It was still dark at Gwalior railway station when we arrived there to catch our train back to Delhi, well before dawn, though, of course, there was none of the silence you usually associate with that normally tranquil hour. People yelled, the PA system rang out with announcements, trains thundered past and squealed to a halt, bogies banged into one another, and, of course, the ubiquitous chai sellers prowled up and down the platform, hawking their wares at top volume. But over this hubbub, my ears had caught another sound: a non-stop shrill chattering coming from somewhere distant… Could it be…?
It was. Gradually, the light improved, tingeing fleecy clouds pale pink and gold, and suddenly, the chattering grew clamorous and close. And there they were: clouds of bank mynas screeching across the sky in waves over the station, every bird screeching its head off! Several flocks flew over and around the station, their screeching drowning even the station clamour — which is really saying something. They wheeled and swirled in huge flocks and, finally, appeared to dissipate.
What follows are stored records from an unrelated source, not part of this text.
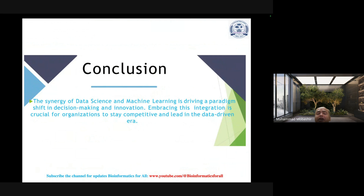In conclusion, I recommend people focus on data science and learn its basics, as it will help secure jobs at every moment. Subscribe to the channel for detailed insights and further updates — more than 40 long videos have already been uploaded. The synergy of data science and machine learning is driving a paradigm shift in decision making and the innovation process, and embracing this integration is crucial for almost every organization.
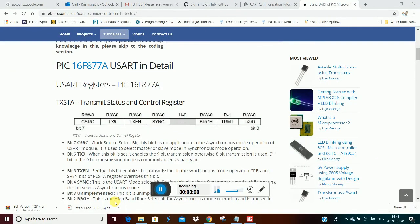Hello guys, welcome to Hilabeads. Now we are going to talk about USART or UART interface with PIC microcontroller.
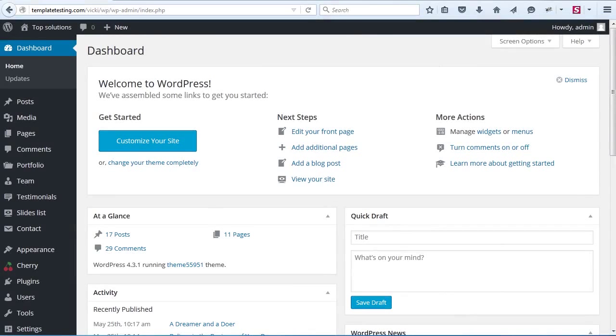Greetings and welcome to this Template Monster's video guide on Cherry Framework. This tutorial will show you how to use Cherry Instagram Widget in the WordPress Cherry Framework 4 templates.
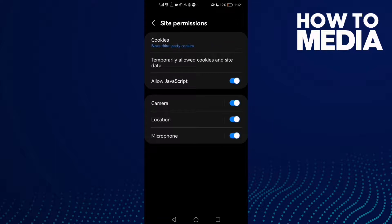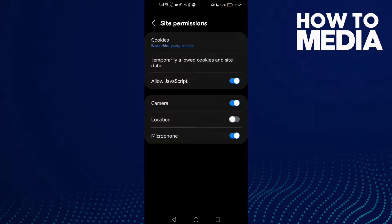And here you will find the location. You can turn it off or on just by one click.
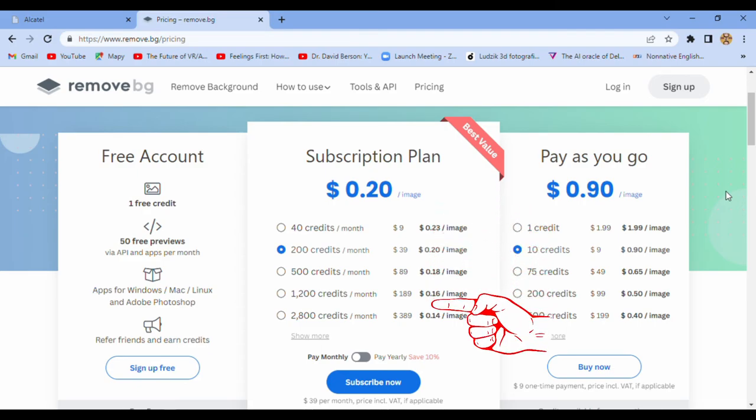Yeah. It's only for one image, but you need to pay much, much more.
Though they’re officially called “bank mynas”, they are also very appropriately known as railway mynas — because they really are true railway buffs.
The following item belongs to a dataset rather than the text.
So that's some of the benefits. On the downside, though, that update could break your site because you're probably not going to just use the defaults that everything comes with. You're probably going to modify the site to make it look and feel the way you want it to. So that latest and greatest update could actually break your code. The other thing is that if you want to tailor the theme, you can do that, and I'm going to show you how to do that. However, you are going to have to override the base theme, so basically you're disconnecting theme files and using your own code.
These birds are slightly smaller than the common Indian myna and clad in a boiler-suit battleship grey outfit, beautifully set off by a brick red patch around and behind their eyes, which have ruby irises. They wear salmon-pink decals on their wings and their tails are frilled with the same colour. Their wings and heads are black — the head is glossy and with a tuft of feathers sticking up in front of the beak. Both sexes dress alike. And boy, do they have attitude!
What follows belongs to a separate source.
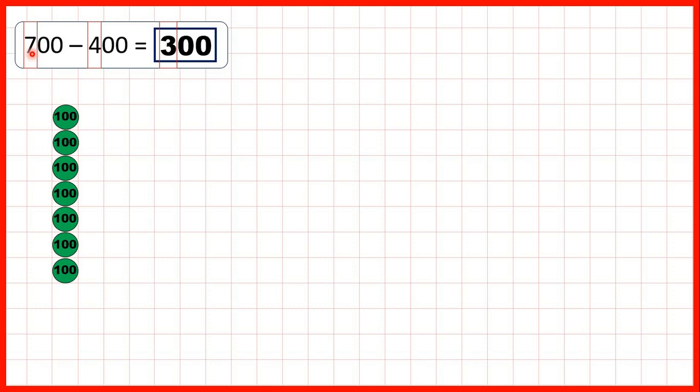And then, starting with 700, we can take away 4 of these 100 counters, and that leaves us with 300.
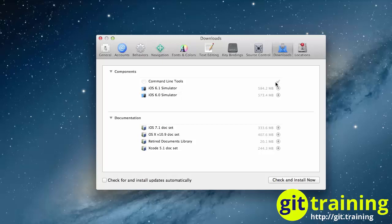Once the Command Line Tools are finished downloading and installing, we're going to invoke our terminal to see if Git has been installed.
They will saunter nonchalantly amidst waiting passengers, deftly snapping up spilled tidbits and namkeen (from virtually between your toes), or anything they consider edible. They will check out your luggage, perch on sacks of grain or catering carts, gobbling up what’s spilled out, they will zoom recklessly between narrow railway tracks — even as trains thunder past inches away from them — to pick up a tidbit a passenger has thrown out of a window. In the evenings, they will line up on the rafters and iron tresses of the locomotive sheds, impervious to the shunting, clanging and clamour all around, and shriek at the tops of their voices about what they had done that day — and the trains they had seen (and raided). I guess when you live in a major railway junction you need to have a loud voice.
They’re truly cosmopolitan birds and also love bazaars and markets — where grain and fruit is readily available. They are disarmingly unafraid of us and will saunter right up to your feet, knowing nothing will happen to them. They’ll raid fruit and grain stalls, cheekily filching what they can, with all the élan and nonchalance of schoolboys pulling a pigtail.
Bank mynas are usually found in north India — though they’re now going south too (possibly by train!) and are a feature of every north Indian railway station. But they also live out in the countryside, particularly in the neighbourhood of water bodies — lakes, rivers, canals, jheels and of course, crop fields. They get their name from their habit of nesting in tunnels which they excavate in earthen banks in large communal colonies. The tunnels slope slightly upwards (so that rainwater does not collect) for about a meter before expanding into a nursery chamber, which is furnished with straw, feathers and soft rubbish — and sometimes, swankily, with very glittery gift-wrapping paper! Mynas in cities reside in weep-hole apartments along the sides of bridges, flyovers and walls. Some choose holes in the steep inside walls of wells, where the only way out is to fly straight up — a choice that fledgling mynas before their first flight would find considerably daunting. (“Mama and papa must hate us! How can we fly straight up before we can fly at all? They just want us to fall into the water and be eaten by frogs or drown and get rid of us!”) Usually around three to five pale blue eggs are laid and both parents look after the brood, which fledge in around three weeks. The nesting season lasts between March and August, peaking in May and June.
Country-bumpkin bank mynas often hang around cattle herds, snapping up insects and grubs disturbed by the animals’ hooves and often hitch on to the animals’ ears, probing them for ticks and clinging on like bronco busting riders as the animals perambulate about and flick their ears. Similarly, they will follow a plough, quickly taking care of grubs and insects flushed out by its progress. With their omnivorous (and balanced, one has to say!) diet of seeds, fruits and insects — they are both a boon and a bane to farmers. While they can do a lot of damage to ripening crops of, say jowar, they are also excellent pest-controllers, devouring harmful insects. They roost in huge flocks along with other birds in groves of trees — again, creating a shrieking racket that needs to be heard to be believed. They really do seem to live and enjoy life to the fullest and love nothing more than shouting about it for the whole world to hear!
Their future seems secure, for surely any bird that can live in and around an Indian railway station or bazaar without going bonkers or having a nervous breakdown, has really got nothing to be afraid of. They seem to be able to take whatever life throws at them: a cacophonous railway junction or bazaar is as good a place to live as a quiet riverside and bovine habitat out in the country. As for me, while waiting interminably for the train to finally turn up, the bank mynas provided nonstop entertainment and amusement which helped to pass the time — and to think about writing this thank you note to them!